▸ SOURCE MATERIAL
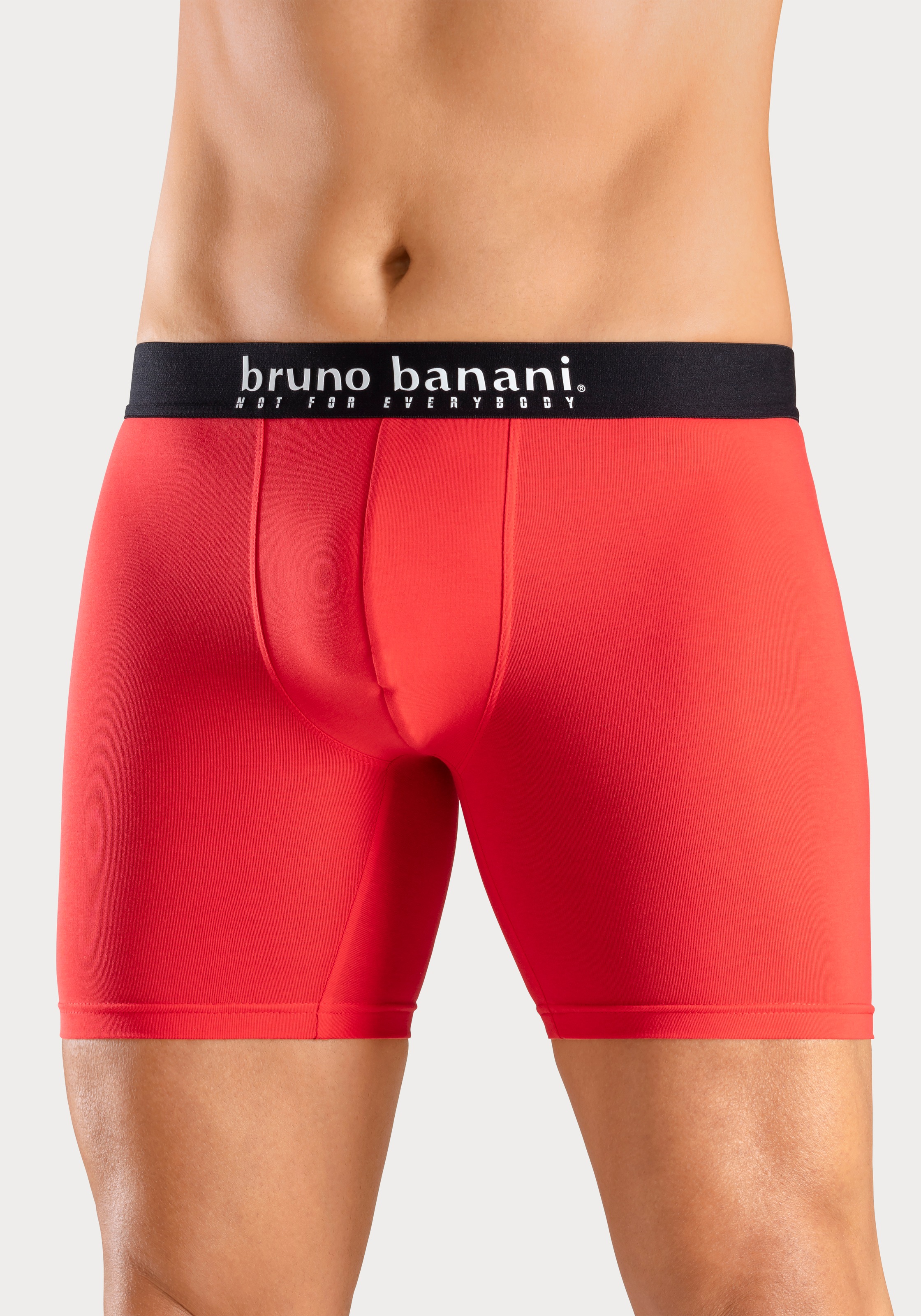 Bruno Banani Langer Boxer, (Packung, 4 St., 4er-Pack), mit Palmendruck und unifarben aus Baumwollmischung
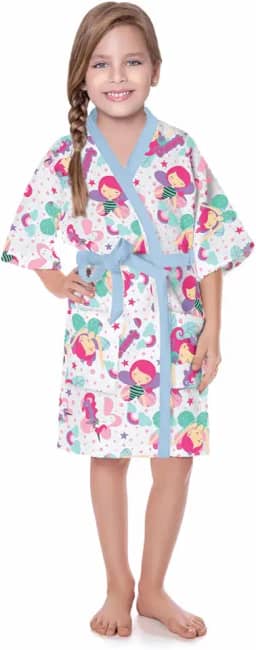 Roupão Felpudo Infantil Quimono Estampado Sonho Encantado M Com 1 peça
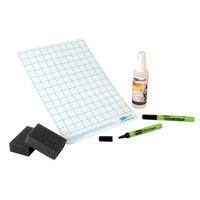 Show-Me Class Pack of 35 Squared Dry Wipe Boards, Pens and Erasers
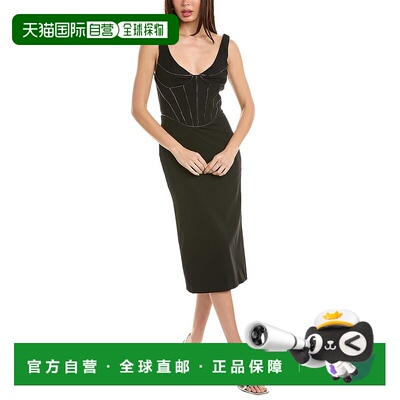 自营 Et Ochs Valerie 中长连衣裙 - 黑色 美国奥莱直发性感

▸ ASSIGNMENT
Only the lines starting at the one that holds "Show-Me Class Pack" and ending at the last line of the data belong in your answer. Please set them down exactly and omit the pictures.

▸ ANSWER BOX
 Show-Me Class Pack of 35 Squared Dry Wipe Boards, Pens and Erasers
 自营 Et Ochs Valerie 中长连衣裙 - 黑色 美国奥莱直发性感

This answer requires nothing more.